Liu Yijia, Li Lexin, Wang Xiao
Department of Statistics, Purdue University.
Department of Biostatistics and Epidemiology, University of California at Berkeley.
Can J Stat. 2022 Mar;50(1):59-85. doi: 10.1002/cjs.11666. Epub 2021 Nov 16.
In this article, we propose a new sparse neural ordinary differential equation (ODE) model to characterize flexible relations among multiple functional processes. We characterize the latent states of the functions via a set of ordinary differential equations. We then model the dynamic changes of the latent states using a deep neural network (DNN) with a specially designed architecture and a sparsity-inducing regularization. The new model is able to capture both nonlinear and sparse dependent relations among multivariate functions. We develop an efficient optimization algorithm to estimate the unknown weights for the DNN under the sparsity constraint.
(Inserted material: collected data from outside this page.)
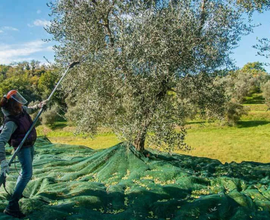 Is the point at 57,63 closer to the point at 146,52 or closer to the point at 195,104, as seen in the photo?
the point at 146,52

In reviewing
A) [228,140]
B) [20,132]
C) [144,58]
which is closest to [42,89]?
[228,140]

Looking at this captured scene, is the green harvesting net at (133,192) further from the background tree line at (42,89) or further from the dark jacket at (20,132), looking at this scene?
the background tree line at (42,89)

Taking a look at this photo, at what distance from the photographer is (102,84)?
33.1ft

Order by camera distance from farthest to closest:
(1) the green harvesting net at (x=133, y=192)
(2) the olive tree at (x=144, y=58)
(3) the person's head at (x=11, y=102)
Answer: (2) the olive tree at (x=144, y=58), (1) the green harvesting net at (x=133, y=192), (3) the person's head at (x=11, y=102)

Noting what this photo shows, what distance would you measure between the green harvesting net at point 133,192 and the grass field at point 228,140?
300 centimetres

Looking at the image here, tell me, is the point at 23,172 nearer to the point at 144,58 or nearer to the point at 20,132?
the point at 20,132

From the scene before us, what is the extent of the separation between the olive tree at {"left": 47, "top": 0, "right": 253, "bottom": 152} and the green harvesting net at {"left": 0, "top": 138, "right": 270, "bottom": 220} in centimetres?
126

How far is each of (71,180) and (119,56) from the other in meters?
4.80

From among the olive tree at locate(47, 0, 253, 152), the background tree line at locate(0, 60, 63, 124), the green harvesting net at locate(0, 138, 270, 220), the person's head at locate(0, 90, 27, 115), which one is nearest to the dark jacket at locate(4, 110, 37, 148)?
the person's head at locate(0, 90, 27, 115)

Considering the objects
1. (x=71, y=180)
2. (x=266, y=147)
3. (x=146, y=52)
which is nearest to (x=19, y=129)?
(x=71, y=180)

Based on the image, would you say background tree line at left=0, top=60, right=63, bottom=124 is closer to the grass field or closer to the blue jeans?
the grass field

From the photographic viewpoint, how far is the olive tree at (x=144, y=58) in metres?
9.32

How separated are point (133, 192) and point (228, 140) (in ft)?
57.8

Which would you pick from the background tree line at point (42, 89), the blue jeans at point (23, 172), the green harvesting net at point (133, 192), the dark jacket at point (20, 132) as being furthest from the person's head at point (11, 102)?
the background tree line at point (42, 89) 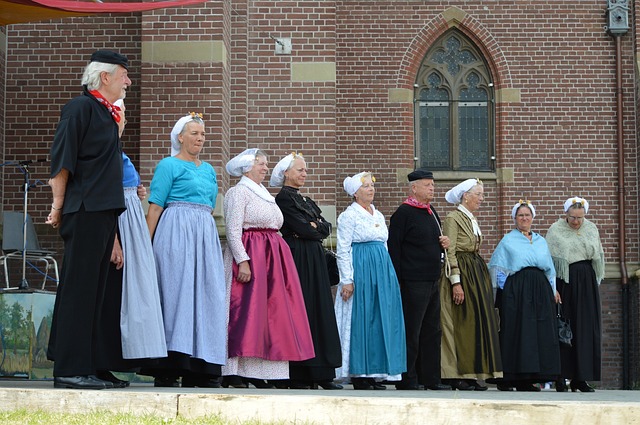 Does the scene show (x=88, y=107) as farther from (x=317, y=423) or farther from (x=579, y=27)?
(x=579, y=27)

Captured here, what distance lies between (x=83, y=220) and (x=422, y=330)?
4280mm

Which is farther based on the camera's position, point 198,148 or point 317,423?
point 198,148

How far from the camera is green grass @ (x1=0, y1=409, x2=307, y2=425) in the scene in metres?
5.61

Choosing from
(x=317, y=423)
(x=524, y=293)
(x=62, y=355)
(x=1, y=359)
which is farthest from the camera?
(x=524, y=293)

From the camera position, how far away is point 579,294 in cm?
1177

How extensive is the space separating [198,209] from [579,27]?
9906mm

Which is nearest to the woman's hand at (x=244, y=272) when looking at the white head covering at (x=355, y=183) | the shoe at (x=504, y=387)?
the white head covering at (x=355, y=183)

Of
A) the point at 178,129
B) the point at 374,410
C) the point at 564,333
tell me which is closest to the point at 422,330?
the point at 564,333

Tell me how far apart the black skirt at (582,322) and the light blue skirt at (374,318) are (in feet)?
7.48

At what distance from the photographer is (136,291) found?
7809mm

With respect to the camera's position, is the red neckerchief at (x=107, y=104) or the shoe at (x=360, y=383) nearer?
the red neckerchief at (x=107, y=104)

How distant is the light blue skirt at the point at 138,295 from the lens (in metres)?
7.71

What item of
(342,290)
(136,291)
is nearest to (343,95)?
(342,290)

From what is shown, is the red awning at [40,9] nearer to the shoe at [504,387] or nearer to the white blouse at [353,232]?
the white blouse at [353,232] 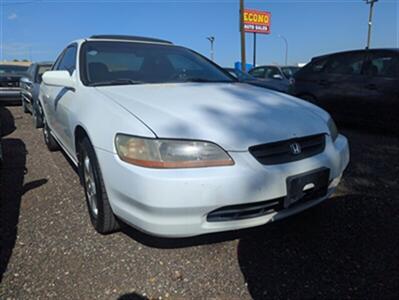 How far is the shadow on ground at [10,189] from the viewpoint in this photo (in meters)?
2.27

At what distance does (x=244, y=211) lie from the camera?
1.82 m

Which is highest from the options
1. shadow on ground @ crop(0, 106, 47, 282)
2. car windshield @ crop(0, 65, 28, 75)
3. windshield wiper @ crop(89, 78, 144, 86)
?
windshield wiper @ crop(89, 78, 144, 86)

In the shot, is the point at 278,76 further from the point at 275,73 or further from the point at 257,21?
the point at 257,21

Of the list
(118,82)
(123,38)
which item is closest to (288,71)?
(123,38)

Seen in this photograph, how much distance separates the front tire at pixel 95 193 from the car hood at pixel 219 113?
45 cm

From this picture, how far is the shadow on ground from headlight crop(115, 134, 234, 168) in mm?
1212

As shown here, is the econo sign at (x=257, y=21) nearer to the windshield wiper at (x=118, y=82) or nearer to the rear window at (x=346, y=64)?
the rear window at (x=346, y=64)

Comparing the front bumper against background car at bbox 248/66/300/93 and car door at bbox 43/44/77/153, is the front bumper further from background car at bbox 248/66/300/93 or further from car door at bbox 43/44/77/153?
background car at bbox 248/66/300/93

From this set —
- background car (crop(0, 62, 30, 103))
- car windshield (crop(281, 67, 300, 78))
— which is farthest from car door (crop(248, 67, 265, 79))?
background car (crop(0, 62, 30, 103))

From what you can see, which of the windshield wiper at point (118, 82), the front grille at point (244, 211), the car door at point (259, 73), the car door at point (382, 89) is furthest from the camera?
the car door at point (259, 73)


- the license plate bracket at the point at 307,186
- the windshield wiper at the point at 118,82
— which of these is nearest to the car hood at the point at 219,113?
the windshield wiper at the point at 118,82

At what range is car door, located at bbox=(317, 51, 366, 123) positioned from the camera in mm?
5445

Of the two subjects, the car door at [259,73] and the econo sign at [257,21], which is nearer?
the car door at [259,73]

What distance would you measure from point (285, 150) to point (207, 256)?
2.92 ft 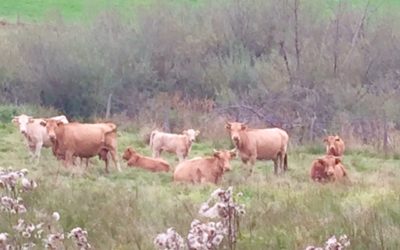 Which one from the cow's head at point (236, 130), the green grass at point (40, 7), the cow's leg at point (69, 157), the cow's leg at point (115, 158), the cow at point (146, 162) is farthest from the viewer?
the green grass at point (40, 7)

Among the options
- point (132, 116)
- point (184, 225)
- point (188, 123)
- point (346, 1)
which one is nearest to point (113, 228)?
point (184, 225)

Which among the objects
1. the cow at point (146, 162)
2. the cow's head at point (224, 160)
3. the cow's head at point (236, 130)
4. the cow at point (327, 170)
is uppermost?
the cow's head at point (236, 130)

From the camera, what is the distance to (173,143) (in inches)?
747

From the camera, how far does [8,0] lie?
162 ft

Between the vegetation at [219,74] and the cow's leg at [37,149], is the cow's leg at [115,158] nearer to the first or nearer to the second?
the vegetation at [219,74]

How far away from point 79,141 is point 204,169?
128 inches

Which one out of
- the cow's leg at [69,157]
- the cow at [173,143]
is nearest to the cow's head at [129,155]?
the cow's leg at [69,157]

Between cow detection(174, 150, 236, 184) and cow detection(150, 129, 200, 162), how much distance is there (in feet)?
13.5

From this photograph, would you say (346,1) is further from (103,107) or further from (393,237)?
(393,237)

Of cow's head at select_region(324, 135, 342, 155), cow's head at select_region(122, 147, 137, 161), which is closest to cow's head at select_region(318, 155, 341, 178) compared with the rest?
cow's head at select_region(324, 135, 342, 155)

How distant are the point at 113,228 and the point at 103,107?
2208 cm

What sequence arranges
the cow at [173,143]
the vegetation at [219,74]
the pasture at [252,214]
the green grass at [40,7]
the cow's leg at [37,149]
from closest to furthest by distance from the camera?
1. the pasture at [252,214]
2. the cow's leg at [37,149]
3. the cow at [173,143]
4. the vegetation at [219,74]
5. the green grass at [40,7]

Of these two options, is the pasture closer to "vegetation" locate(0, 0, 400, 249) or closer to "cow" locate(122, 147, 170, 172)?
"cow" locate(122, 147, 170, 172)

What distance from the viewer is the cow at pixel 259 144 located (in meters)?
17.0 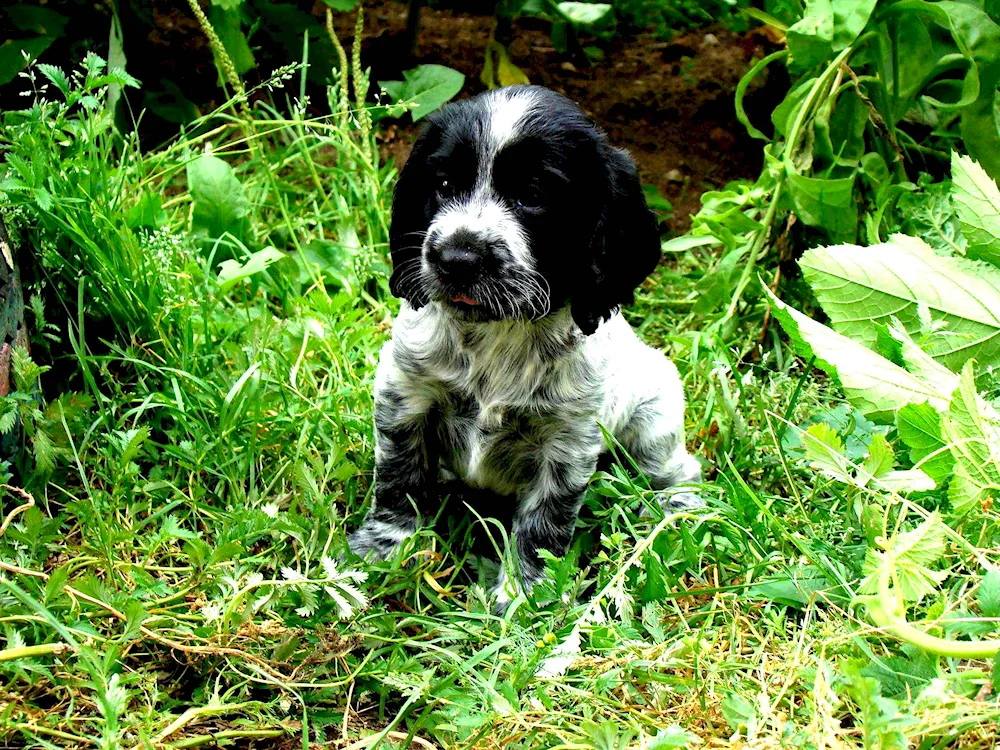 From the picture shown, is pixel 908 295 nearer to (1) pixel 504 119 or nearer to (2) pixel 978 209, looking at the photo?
(2) pixel 978 209

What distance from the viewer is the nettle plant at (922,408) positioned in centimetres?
221

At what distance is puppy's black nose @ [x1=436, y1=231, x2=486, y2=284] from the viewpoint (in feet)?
8.81

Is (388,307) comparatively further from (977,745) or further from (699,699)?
(977,745)

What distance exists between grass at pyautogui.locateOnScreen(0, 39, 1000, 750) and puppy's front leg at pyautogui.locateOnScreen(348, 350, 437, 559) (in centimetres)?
13

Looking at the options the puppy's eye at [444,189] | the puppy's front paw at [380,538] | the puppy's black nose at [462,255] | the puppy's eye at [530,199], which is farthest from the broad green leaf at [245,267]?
the puppy's eye at [530,199]

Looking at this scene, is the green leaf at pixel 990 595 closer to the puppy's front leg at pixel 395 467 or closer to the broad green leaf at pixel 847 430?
the broad green leaf at pixel 847 430

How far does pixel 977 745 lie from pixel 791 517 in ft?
3.31

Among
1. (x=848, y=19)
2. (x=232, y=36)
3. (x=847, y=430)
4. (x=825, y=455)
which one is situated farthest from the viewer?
(x=232, y=36)

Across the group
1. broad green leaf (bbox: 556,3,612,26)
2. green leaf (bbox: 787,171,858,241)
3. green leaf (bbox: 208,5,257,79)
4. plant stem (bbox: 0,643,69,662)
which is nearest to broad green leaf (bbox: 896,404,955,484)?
green leaf (bbox: 787,171,858,241)

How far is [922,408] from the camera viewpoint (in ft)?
8.95

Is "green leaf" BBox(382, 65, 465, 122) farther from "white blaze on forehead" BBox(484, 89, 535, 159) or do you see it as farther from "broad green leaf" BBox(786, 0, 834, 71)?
"white blaze on forehead" BBox(484, 89, 535, 159)

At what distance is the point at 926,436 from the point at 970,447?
211 millimetres

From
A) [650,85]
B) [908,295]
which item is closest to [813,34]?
[908,295]

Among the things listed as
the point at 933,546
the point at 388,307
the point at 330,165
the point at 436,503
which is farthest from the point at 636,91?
the point at 933,546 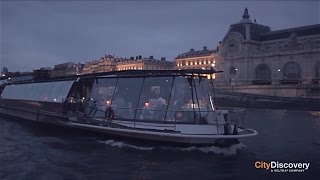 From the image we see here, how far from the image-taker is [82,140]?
19047 mm

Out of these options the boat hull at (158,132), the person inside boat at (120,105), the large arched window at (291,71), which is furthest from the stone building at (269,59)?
the boat hull at (158,132)

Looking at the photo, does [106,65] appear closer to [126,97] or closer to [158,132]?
[126,97]

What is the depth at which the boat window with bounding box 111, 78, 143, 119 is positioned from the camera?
1752cm

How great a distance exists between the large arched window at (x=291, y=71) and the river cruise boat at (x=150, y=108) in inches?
2479

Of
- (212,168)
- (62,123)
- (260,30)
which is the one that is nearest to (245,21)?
(260,30)

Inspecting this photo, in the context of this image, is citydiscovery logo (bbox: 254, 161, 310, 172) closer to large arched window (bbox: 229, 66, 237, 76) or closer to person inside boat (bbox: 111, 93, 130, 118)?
person inside boat (bbox: 111, 93, 130, 118)

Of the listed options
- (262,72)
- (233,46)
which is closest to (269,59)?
(262,72)

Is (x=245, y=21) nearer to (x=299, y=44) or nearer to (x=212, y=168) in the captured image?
(x=299, y=44)

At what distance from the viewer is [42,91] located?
1038 inches

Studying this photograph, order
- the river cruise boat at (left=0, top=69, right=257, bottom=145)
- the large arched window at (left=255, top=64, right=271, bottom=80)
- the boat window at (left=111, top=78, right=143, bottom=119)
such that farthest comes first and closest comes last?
the large arched window at (left=255, top=64, right=271, bottom=80)
the boat window at (left=111, top=78, right=143, bottom=119)
the river cruise boat at (left=0, top=69, right=257, bottom=145)

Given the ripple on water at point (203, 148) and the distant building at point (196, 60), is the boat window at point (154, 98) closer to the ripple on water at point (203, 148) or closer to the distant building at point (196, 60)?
the ripple on water at point (203, 148)


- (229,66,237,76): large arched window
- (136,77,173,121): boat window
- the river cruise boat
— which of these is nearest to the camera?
the river cruise boat

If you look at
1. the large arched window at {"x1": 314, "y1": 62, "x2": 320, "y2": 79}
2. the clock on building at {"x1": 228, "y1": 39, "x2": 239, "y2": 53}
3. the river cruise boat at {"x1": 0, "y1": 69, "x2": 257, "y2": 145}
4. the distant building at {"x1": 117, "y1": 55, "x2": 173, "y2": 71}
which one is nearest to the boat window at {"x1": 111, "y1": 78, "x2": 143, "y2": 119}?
the river cruise boat at {"x1": 0, "y1": 69, "x2": 257, "y2": 145}

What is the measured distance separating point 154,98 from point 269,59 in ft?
226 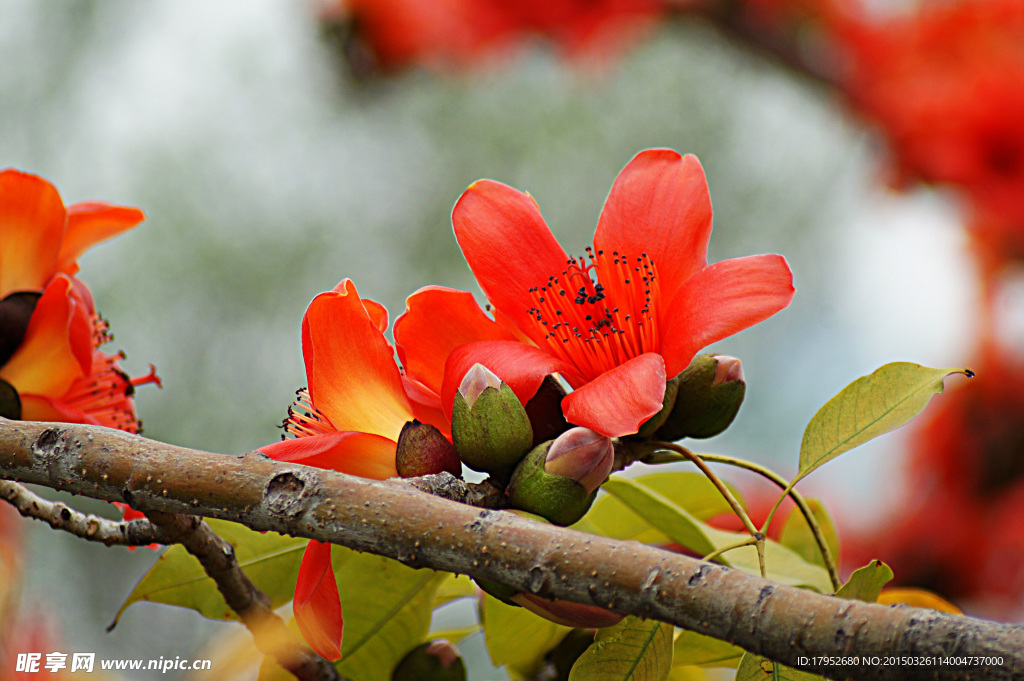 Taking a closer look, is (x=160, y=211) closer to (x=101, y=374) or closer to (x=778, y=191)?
(x=778, y=191)

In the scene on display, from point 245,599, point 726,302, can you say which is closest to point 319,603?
point 245,599

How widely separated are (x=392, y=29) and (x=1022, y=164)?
3.62 feet

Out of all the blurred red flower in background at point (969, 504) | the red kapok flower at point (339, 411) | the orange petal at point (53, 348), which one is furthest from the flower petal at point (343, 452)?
the blurred red flower in background at point (969, 504)

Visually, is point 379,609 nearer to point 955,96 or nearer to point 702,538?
point 702,538

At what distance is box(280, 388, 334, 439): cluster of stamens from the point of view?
0.79ft

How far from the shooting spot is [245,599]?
0.22m

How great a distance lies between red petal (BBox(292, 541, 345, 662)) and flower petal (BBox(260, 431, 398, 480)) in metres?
0.02

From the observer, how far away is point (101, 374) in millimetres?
298

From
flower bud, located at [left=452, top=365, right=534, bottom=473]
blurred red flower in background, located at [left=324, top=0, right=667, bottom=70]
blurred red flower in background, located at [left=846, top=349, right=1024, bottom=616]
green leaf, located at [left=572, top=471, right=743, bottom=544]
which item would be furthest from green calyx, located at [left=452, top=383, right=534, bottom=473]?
blurred red flower in background, located at [left=324, top=0, right=667, bottom=70]

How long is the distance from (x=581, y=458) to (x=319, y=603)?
8 centimetres

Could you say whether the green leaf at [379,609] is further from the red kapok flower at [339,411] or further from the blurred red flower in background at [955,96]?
the blurred red flower in background at [955,96]

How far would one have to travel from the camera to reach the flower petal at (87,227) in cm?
30

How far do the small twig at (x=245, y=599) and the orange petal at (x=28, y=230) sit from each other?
13 centimetres

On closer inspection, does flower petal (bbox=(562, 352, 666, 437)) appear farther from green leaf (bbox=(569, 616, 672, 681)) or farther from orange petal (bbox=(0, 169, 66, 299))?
orange petal (bbox=(0, 169, 66, 299)) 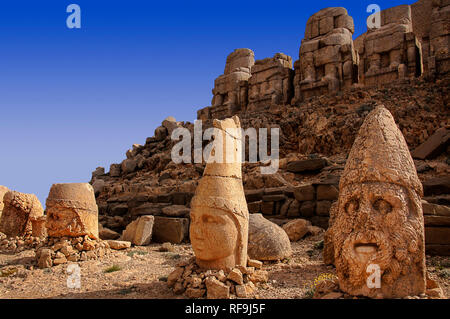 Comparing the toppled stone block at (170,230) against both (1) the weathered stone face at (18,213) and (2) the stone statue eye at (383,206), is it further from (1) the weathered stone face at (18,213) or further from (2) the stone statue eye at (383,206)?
(2) the stone statue eye at (383,206)

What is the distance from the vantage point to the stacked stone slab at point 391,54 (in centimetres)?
1661

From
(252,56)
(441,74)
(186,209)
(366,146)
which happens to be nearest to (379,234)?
(366,146)

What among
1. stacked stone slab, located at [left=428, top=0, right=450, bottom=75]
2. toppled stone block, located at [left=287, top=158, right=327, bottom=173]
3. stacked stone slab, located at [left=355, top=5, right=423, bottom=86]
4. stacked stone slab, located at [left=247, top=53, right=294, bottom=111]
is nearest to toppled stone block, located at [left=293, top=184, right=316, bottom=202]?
toppled stone block, located at [left=287, top=158, right=327, bottom=173]

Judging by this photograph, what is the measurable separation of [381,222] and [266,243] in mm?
3823

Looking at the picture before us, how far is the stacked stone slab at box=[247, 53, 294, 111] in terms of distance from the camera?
2062cm

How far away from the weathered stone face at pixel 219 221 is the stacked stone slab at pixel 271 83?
15.6m

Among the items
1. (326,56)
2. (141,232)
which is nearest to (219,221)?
(141,232)

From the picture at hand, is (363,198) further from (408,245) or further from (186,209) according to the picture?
(186,209)

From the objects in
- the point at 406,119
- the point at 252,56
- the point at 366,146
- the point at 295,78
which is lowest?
the point at 366,146

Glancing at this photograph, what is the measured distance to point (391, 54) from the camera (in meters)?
17.2

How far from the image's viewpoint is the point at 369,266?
3.44 m

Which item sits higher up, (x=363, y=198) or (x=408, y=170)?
(x=408, y=170)

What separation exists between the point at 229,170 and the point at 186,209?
21.6 feet

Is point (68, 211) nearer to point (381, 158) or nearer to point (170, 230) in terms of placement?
point (170, 230) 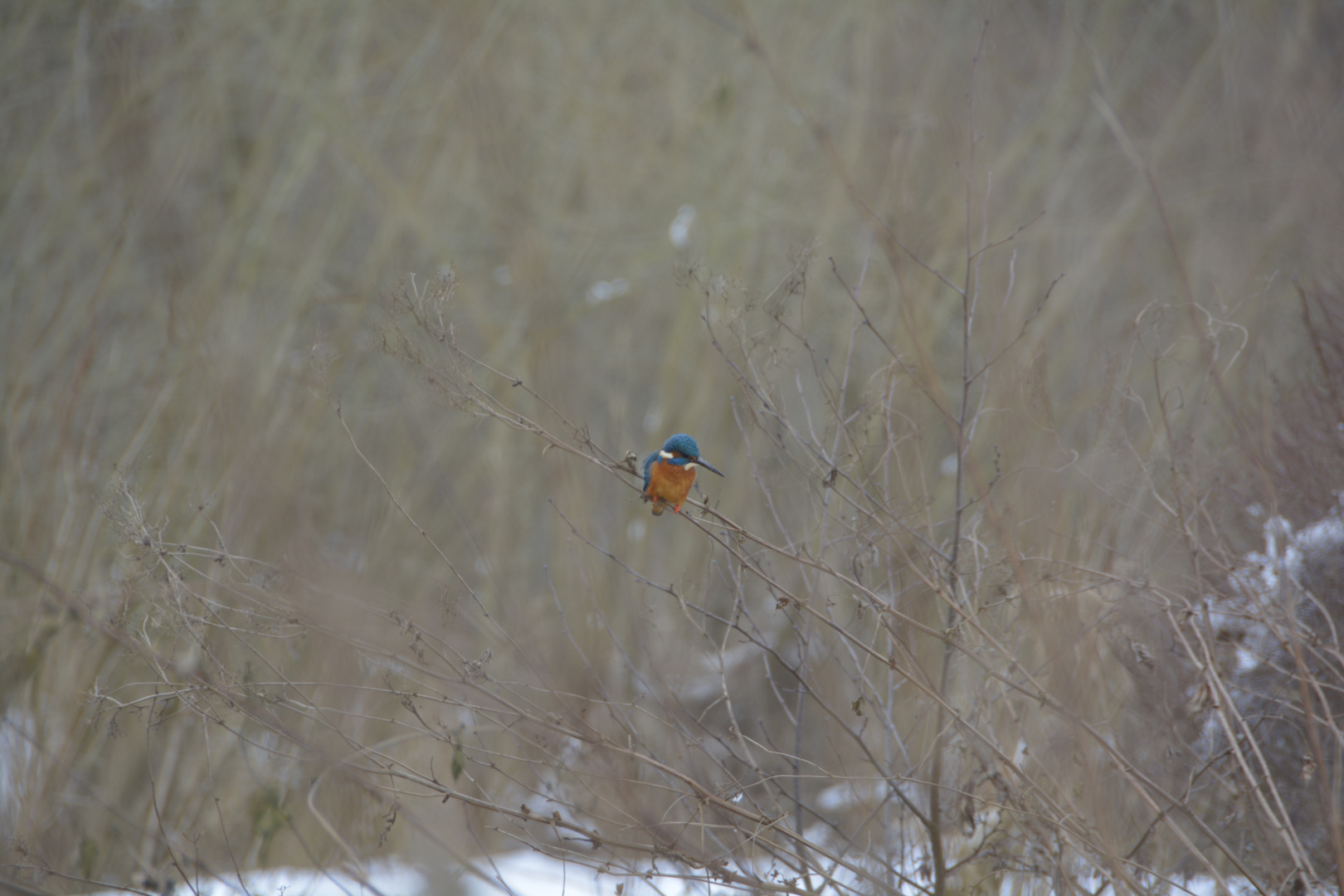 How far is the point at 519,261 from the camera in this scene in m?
7.12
We establish both the algorithmic convergence and selection consistency, which constitute the theoretical guarantees of the proposed method. We illustrate the efficacy of the method through simulations and a gene regulatory network example.
在本文中,我们提出了一种新的稀疏神经常微分方程(ODE)模型,以刻画多个功能过程之间的灵活关系。我们通过一组常微分方程来刻画函数的潜在状态。然后,我们使用具有特殊设计架构和稀疏诱导正则化的深度神经网络(DNN)对潜在状态的动态变化进行建模。新模型能够捕捉多元函数之间的非线性和稀疏依赖关系。我们开发了一种高效的优化算法,以在稀疏约束下估计DNN的未知权重。我们建立了算法收敛性和选择一致性,这构成了所提方法的理论保证。我们通过模拟和一个基因调控网络示例来说明该方法的有效性。